Они провели вместе два дня. Не все время, понятное дело, у каждого своя работа, у Веры на следующий день по графику вторая смена, а у Бармина важные деловые встречи с утра, хорошо хоть не самого раннего. Что они и отметили долгими поцелуями и горячим соединением, а потом Егору пришлось спешно собираться и завтракать на ходу, уже опаздывал.
Поздно вечером он встретил Верочку после работы и снова с букетом, только на этот раз каких-то миленьких маленьких цветочков, и, заявив, что соскучился, сразу повез к ней домой, где они усердно демонстрировали друг другу, кто и насколько соскучился. И лежали, не включая света, в темноте, разбиваемой косыми линиями отсветов уличного фонаря на стене, и тихо разговаривали. Вера просила Егора рассказать о своем умении жить на природе, о Степане и шамане, о второй жизненной ипостаси Бармина. Он говорил, а она слушала завороженно. Ей нравился не только рассказ и его голос, ей нравилось даже, как он дышит, когда говорит…
– То есть ты заполярный Чингачгук? – спрашивала она, завороженная рассказом. – И так же, как он, неслышно по лесу передвигаешься?
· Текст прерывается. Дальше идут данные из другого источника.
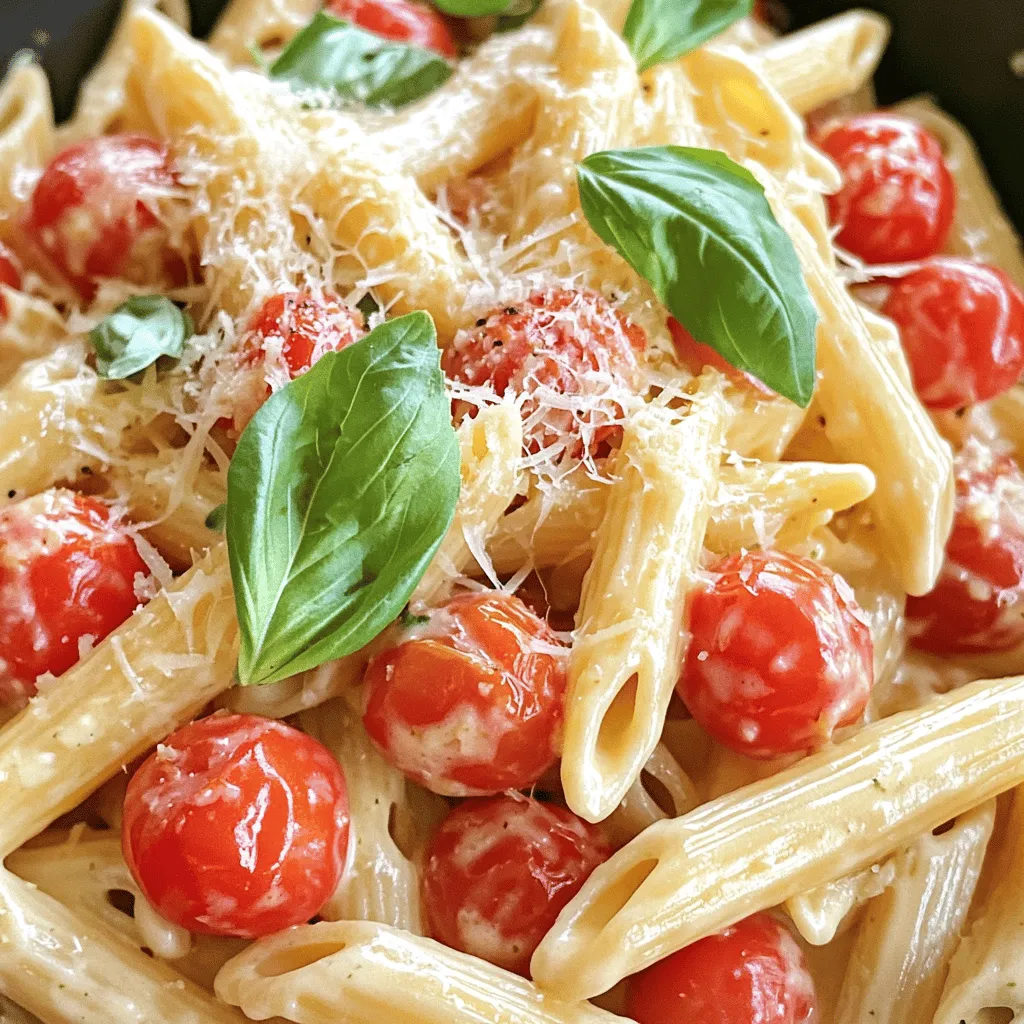 Für diese leckere Pasta brauchen Sie einige wichtige Zutaten: - 340 g Pasta (jede Form, vorzugsweise Penne oder Fettuccine) - 480 g Kirschtomaten, halbiert - 240 ml Schlagsahne - 100 g frische Basilikumblätter, gehackt (plus zusätzlich für die Garnitur) - 50 g frisch geriebener Parmesan - 3 Knoblauchzehen, fein gehackt - 2 Esslöffel Olivenöl - 1 Teelöffel rote Pfefferflocken (nach Belieben) - Salz und Pfeffer nach Geschmack Diese Zutaten sind die Basis für den vollen Geschmack. Die Kirschtomaten bringen Süße und Frische. Die Schlagsahne sorgt für die cremige Textur. Um noch mehr Geschmack zu bekommen, können Sie einige zusätzliche Zutaten hinzufügen: - Zwiebel (fein gehackt) - Zitronensaft (frisch gepresst) - Kapern (für einen salzigen Kick) Diese Zutaten geben der Soße mehr Tiefe. Zwiebeln fügen eine süße und herzhafte Note hinzu. Ein Spritzer Zitronensaft bringt Frische. Wenn Sie Abwechslung wollen, probieren Sie diese Alternativen: - Vollkornpasta anstelle von normaler Pasta - Vegane Sahne für eine pflanzliche Option - Gegrilltes Gemüse, wie Zucchini oder Paprika, für mehr Textur Diese Optionen helfen Ihnen, das Rezept zu verändern. Sie können die Pasta gesünder oder an Ihre Vorlieben anpassen. Für die komplette Anleitung, schauen Sie sich das Full Recipe an. Um die Pasta perfekt zu kochen, bringe einen großen Topf mit gesalzenem Wasser zum Kochen. Füge die Pasta hinzu. Koche sie laut der Packungsanweisung bis sie al dente ist. Das bedeutet, dass sie noch einen kleinen Biss hat. Gieße die Pasta ab, aber hebe 240 ml des Nudelwassers auf. Das Wasser hilft später, die Soße zu binden. Erhitze in einer großen Pfanne 2 Esslöffel Olivenöl bei mittlerer Hitze. Füge 3 fein gehackte Knoblauchzehen hinzu. Brate sie 1-2 Minuten lang an, bis sie duften. Achte darauf, dass der Knoblauch nicht verbrennt, da er bitter wird. Danach kommen die 480 g halbierten Kirschtomaten und ein Teelöffel rote Pfefferflocken (falls du es gerne scharf magst) in die Pfanne. Koche alles für etwa 5-7 Minuten. Rühre gelegentlich um, bis die Tomaten weich sind und ihren Saft abgeben. Reduziere die Hitze auf niedrig. Gieße 240 ml Schlagsahne in die Pfanne. Rühre gut um und lasse die Soße 2-3 Minuten köcheln. Sie sollte leicht dicker werden. Jetzt kommt der geriebene Parmesan und die gehackten Basilikumblätter dazu. Rühre die gekochte Pasta unter die Soße. Stelle sicher, dass alle Nudeln gut mit der Soße bedeckt sind. Wenn die Soße zu dick ist, füge einen Spritzer des reservierten Nudelwassers hinzu. Schmecke alles mit Salz und Pfeffer ab. Serviere die Pasta mit frischen Basilikumblättern und zusätzlichem Parmesan. Für die vollständige Anleitung, sieh dir das [Full Recipe] an. Um Ihre Soße perfekt zu machen, sind frische Zutaten wichtig. Verwenden Sie reife Kirschtomaten. Sie bringen mehr Geschmack. Achten Sie darauf, den Knoblauch nicht zu verbrennen. Er wird bitter, wenn er zu lange kocht. Lassen Sie die Soße bei niedriger Hitze köcheln. Das hilft, die Aromen zu verbinden. Fügen Sie den Parmesan langsam hinzu. Rühren Sie gut um, bis er schmilzt. Sie können die Würze leicht anpassen. Wenn Sie es schärfer mögen, fügen Sie mehr rote Pfefferflocken hinzu. Für mehr Tiefe probieren Sie italienische Kräuter wie Oregano oder Thymian. Ein Spritzer Zitronensaft bringt Frische und Balance. Wenn Sie eine süßere Note wünschen, fügen Sie eine Prise Zucker hinzu. Schmecken Sie die Soße während des Kochens ab. So finden Sie die perfekte Balance. Für diese Soße sind Penne oder Fettuccine ideal. Sie halten die Soße gut fest. Aber Sie können auch Spaghetti oder Rigatoni verwenden. Achten Sie darauf, die Pasta al dente zu kochen. So bleibt sie bissfest und ergänzt die cremige Soße. Wenn Sie glutenfrei essen, verwenden Sie glutenfreie Pasta. Sie schmeckt genauso gut und macht das Gericht für alle zugänglich. Wenn Sie mehr über die Zubereitung erfahren möchten, schauen Sie sich das Full Recipe an. {{image_4}} Wenn Sie auf der Suche nach vegetarischen oder veganen Alternativen sind, ist das einfach. Ersetzen Sie die Schlagsahne durch Kokosmilch oder Cashewcreme. Diese Optionen geben eine cremige Textur. Verwenden Sie Hefeflocken anstelle von Parmesan für den Käsegeschmack. Für den Geschmack können Sie auch geräuchertes Paprikapulver hinzufügen. So bleibt das Gericht lecker und vegan. Möchten Sie mehr Protein hinzufügen? Fügen Sie gekochte Kichererbsen oder Linsen hinzu. Diese Hülsenfrüchte passen gut zu der Soße. Eine andere Option ist, Hähnchenbrust oder Garnelen zu braten und unter die Pasta zu mischen. Diese Zutaten machen das Gericht herzhaft und sättigend. Um eine vollständige Mahlzeit zu schaffen, denken Sie an einfache Beilagen. Ein frischer grüner Salat mit einem leichten Dressing passt gut. Auch geröstetes Gemüse ergänzt die Pasta perfekt. Wenn Sie etwas Brot möchten, probieren Sie Knoblauchbrot oder Focaccia. Diese Beilagen runden das Essen ab und machen es noch köstlicher. Für das komplette Rezept schauen Sie sich die [Full Recipe] an. Um Ihre übrig gebliebene cremige Tomaten-Basilikum-Pasta frisch zu halten, legen Sie sie in einen luftdichten Behälter. Stellen Sie sicher, der Behälter ist gut verschlossen. So bleibt die Pasta für bis zu drei Tage im Kühlschrank haltbar. Wenn Sie die Pasta aufbewahren, lassen Sie die Soße nicht in der Pfanne. So wird die Pasta nicht matschig. Sie können Ihre Pasta auch einfrieren. Dazu geben Sie die abgekühlte Pasta in einen gefrierfesten Behälter. Trennen Sie die Soße von der Pasta, um eine bessere Textur zu erhalten. Die Pasta kann bis zu drei Monate im Gefrierfach bleiben. Beschriften Sie den Behälter mit dem Datum, damit Sie den Überblick behalten. Wenn Sie bereit sind, die Pasta zu essen, gibt es einige einfache Schritte. Nehmen Sie die Pasta aus dem Kühlschrank oder Gefrierfach. Wenn sie gefroren ist, lassen Sie sie zuerst im Kühlschrank auftauen. Zum Aufwärmen verwenden Sie eine Pfanne oder die Mikrowelle. Fügen Sie etwas Wasser oder Sahne hinzu, um die Soße cremig zu halten. So bleibt der Geschmack frisch. Die Zubereitung dieser Pasta dauert nur 25 Minuten. Die Vorbereitungszeit liegt bei 10 Minuten. Das Kochen der Pasta braucht etwa 10 Minuten. In der Zwischenzeit können Sie die Soße zubereiten. So sparen Sie Zeit und genießen ein schnelles Gericht. Ja, Sie können frische Tomaten verwenden. Schneiden Sie sie in kleine Stücke. Beachten Sie, dass frische Tomaten mehr Zeit zum Kochen benötigen. Sie müssen sie länger köcheln, damit sie weich werden und ihren Saft freigeben. Kirschtomaten sind jedoch süßer und passen gut zur Soße. Zu cremiger Tomaten-Basilikum-Pasta passen verschiedene Beilagen. Hier sind einige Ideen: - Ein frischer grüner Salat - Knoblauchbrot oder Baguette - Gedünstetes Gemüse wie Brokkoli oder Zucchini - Gegrilltes Hähnchen oder Garnelen für mehr Protein Ein gutes Getränk dazu ist ein leichter Weißwein oder Sprudelwasser mit Zitrone. Diese Kombination macht das Gericht noch besser. Cremige Tomaten-Basilikum-Pasta ist einfach und lecker. Wir haben die besten Zutaten und Schritte besprochen. Von der richtigen Pasta-Wahl bis zu Variationen, die jedem passen. Denken Sie daran, dass Anpassungen der Würze den Geschmack verbessern. Bewahren Sie Ihre Reste richtig auf und genießen Sie sie später wieder. Kleine Tipps helfen Ihnen, große Aromen zu erzielen. Jetzt sind Sie bereit, Ihre eigene köstliche Pasta zu machen! Kochen macht Spaß und bringt Freude!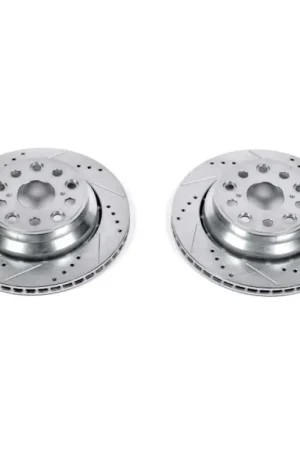 Viral Power Stop 07-17 Lexus LS460 Rear Evolution Drilled & Slotted Rotors - Pair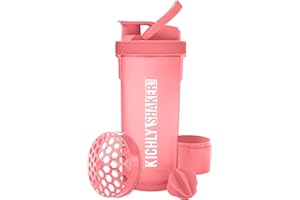 KICHLY Shaker Bottle - 24 Ounce Plastic Protein Shaker Bottle for Pre & Post workout with Twist & Lock Protein Box Storage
– Это миф, что кто-то может неслышно передвигаться по лесу, – усмехнулся Егор, – это умеют делать только хищники из семейства кошачьих, и только в моменты охоты. То, как они тогда двигаются, надо видеть, словами не передать, как фантастически красиво. А так абсолютно все животные издают звуки, медведь ломится по тайге, так за сотни метров слышно, и лося, и волка, и птиц. Весь секрет их якобы «неслышимости», и индейцев в том числе, в осторожности и терпении. В умении затаиться и выжидать. Правильно дышать, замечать самые мелкие детали. Например, видишь вон там ветка лежит совсем сухая, обязательно заденешь, и хрустнет она, значит, ищи другой путь. Прямых расстояний в лесу нет, и там, где расстояние в пятнадцать метров можно пройти за десять секунд, мне может понадобиться десять минут.
– А терпение тут при чем? – спрашивала Верочка, и у нее аж глаза горели от интереса.
– Это самое главное в лесной жизни, – усмехнулся ее почти детскому живому любопытству Егор и с удовольствием пояснял: – Поспешность в лесу приведет только к гибели. Медленно надо ходить. Вот лесная мудрость. Заметил что-то, насторожившее тебя, затаись, замри, дыши правильно и наблюдай. В лесу любое горизонтальное движение подозрительно. Потому что вертикальное движение для леса нормально – то ветка упала, то птица полетела и ветка подскочила, и с деревьев часто падают и листья, и ветки, и шишки. И если насторожило что-то, сразу резко садись и замри. Жди и осматривайся. Если зверя или человека насторожит твое шевеление, он внимательно станет всматриваться в то место, где ты нашумел. А природой заложено, что человек может удерживать зрительное внимание на одном объекте не больше шести минут, животное приблизительно столько же. Значит, сидеть ты должен не меньше восьми минут, пока объект не успокоится, не удостоверится, что там ничего нет. Тогда и можно передвинуться дальше и снова затаиться. Вот так в Америке и появлялись «прямо из ниоткуда» перед белыми людьми индейцы. Да и мишки с волками перед нерадивыми охотниками.
– Восемь минут – это очень долго, – прикинула в уме Верочка.
– Если человеку что-то сложно, долго и трудно в лесу, то лучше туда и не ходить вовсе, пропадешь и сгинешь. Лес не терпит суетливости, громкости и неуважения. Мы и так нарушаем его границы и тревожим своим появлением. За последние столетия мы стали чужды лесу. Начнем с того, что человек в лесу ужасно воняет. Синтетической одеждой, городскими запахами, табаком, железом и оружейной смазкой, дымом от костров, и самое главное, потом, пахнущим той жуткой дрянью и синтетикой, что ест современный человек. И наш запах распространяется на сотни метров вокруг, только шагнул, а все зверье уже знает, что пришел чужак.
– И ты так же, чужак?
– Разумеется, но я стараюсь минимизировать этот факт, и знаю как.
– Как? – совершенно завороженно спросила она.